#### Data shown

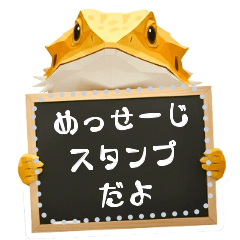[LINEスタンプ] 【メッセージ】ふとあごひげとかげたち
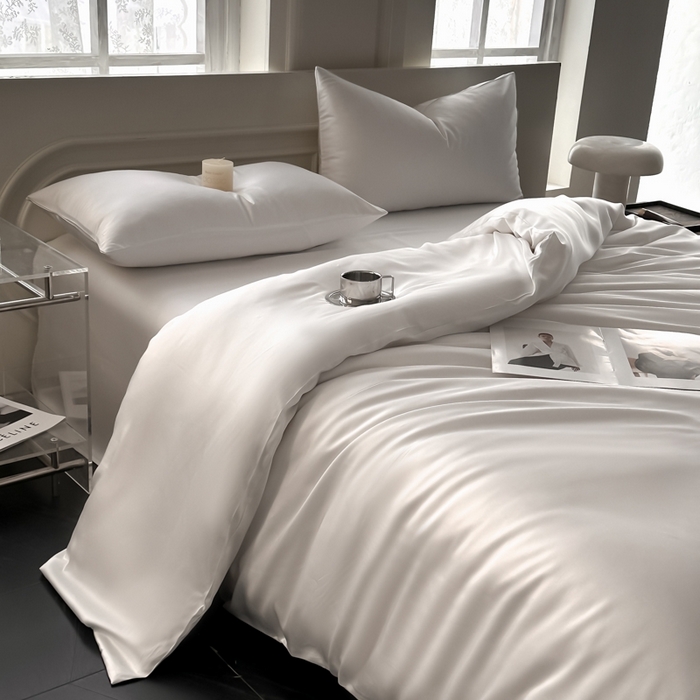 琪格格纺织 2025春夏新款纯色莱赛尔天丝四件套 莱赛尔-梦境白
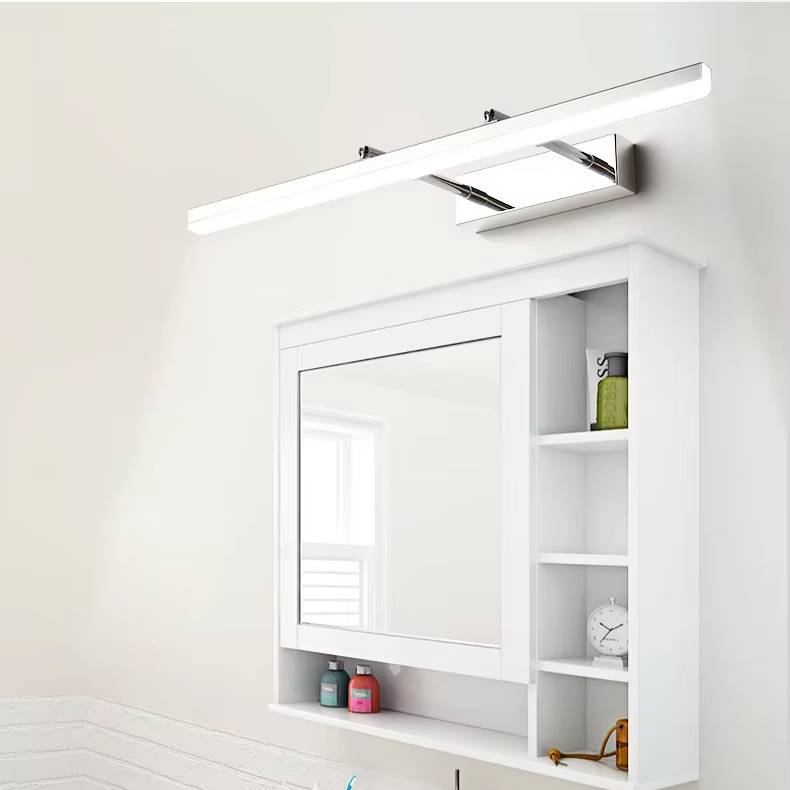 Verthara Retractable LED Bathroom Mirror Light – Waterproof Anti-Fog Sconce Lamp for Modern Vanity Use, Adjustable Length 40/50cm Three Color Light / Silver / 9W 40cm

########

**What the exercise asks**
Repeat the material exactly, without images.

**Answer box**
[LINEスタンプ] 【メッセージ】ふとあごひげとかげたち
 琪格格纺织 2025春夏新款纯色莱赛尔天丝四件套 莱赛尔-梦境白
 Verthara Retractable LED Bathroom Mirror Light – Waterproof Anti-Fog Sconce Lamp for Modern Vanity Use, Adjustable Length 40/50cm Three Color Light / Silver / 9W 40cm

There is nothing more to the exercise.